- The Washington Times - Monday, March 17, 2008

The issue of sovereignty and American Indians is ever-changing, and experts on the issue fear it’s become too susceptible to changes in political administrations.

To address these and other issues, the nonprofit Foundation for California held a one-day conference last week to discuss American Indians’ history, their relations with the federal government and current sovereignty status in American jurisprudence.

Legal scholars, judges and political scientists attending the conference exchanged ideas on establishing a more coherent policy.

Alfred Balitzer, founder and chairman of the foundation, said the conference was not aimed at a specific legislative or judicial body.
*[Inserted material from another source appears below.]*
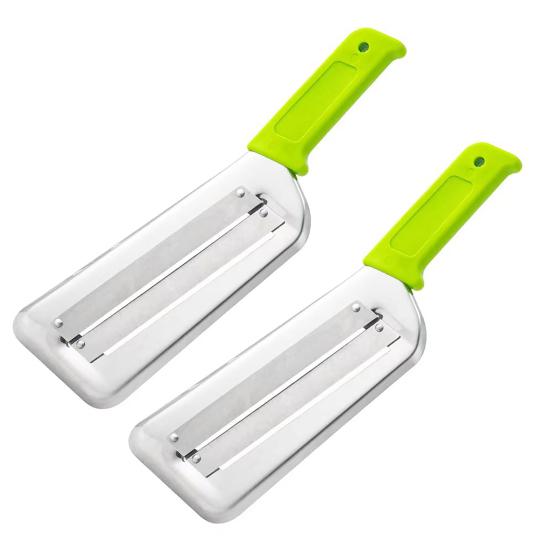 2Pcs Onion Slicer Stainless Steel Cabbage Shredder Safe Grip Vegetable Slicer for Sugarcane Potatoes Coleslaw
But he said: “The timing is good, especially [since] we see a number of cases are coming up now to the Supreme Court on sovereignty.”

For example, the Indian tribe San Manuel and National Labor Relations Board are involved in a lawsuit over union organizing at tribal casinos.

In that case, the U.S. Court of Appeals for the D.C. Circuit upheld a NLRB ruling that federal labor law could apply to tribe-owned businesses.

The judge ruled that “the tribal sovereignty is not absolute autonomy.”

But Ralph Rossum, a government professor at Claremont McKenna College in California, argued that the Constitution protects tribal sovereignty. He said in the Sacramento Bee that the Supreme Court should intervene and “repudiate [lower courts’] departures from clear and controlling precedents, and perform its historic role of protecting tribal interests and sovereignty.”

Although saying the sovereignty issue is not “predictively political,” Loren Smith, co-chairman of the conference and former judge of the U.S. Court of Federal Claims, said it is hard to reach a bipartisan solution.

He said the issue is volatile even within the American-Indian groups.

“On the one hand, they obviously want to have a better life, they want to have prosperous economy, health care,” he said. “On the other hand, they also want to retain their distinctive culture and institutions.

“As a judge, I am neither pro or anti,” Mr. Smith said. “I am trying to look at what the constitution of law says, and obviously at the moment, there would be tweak.”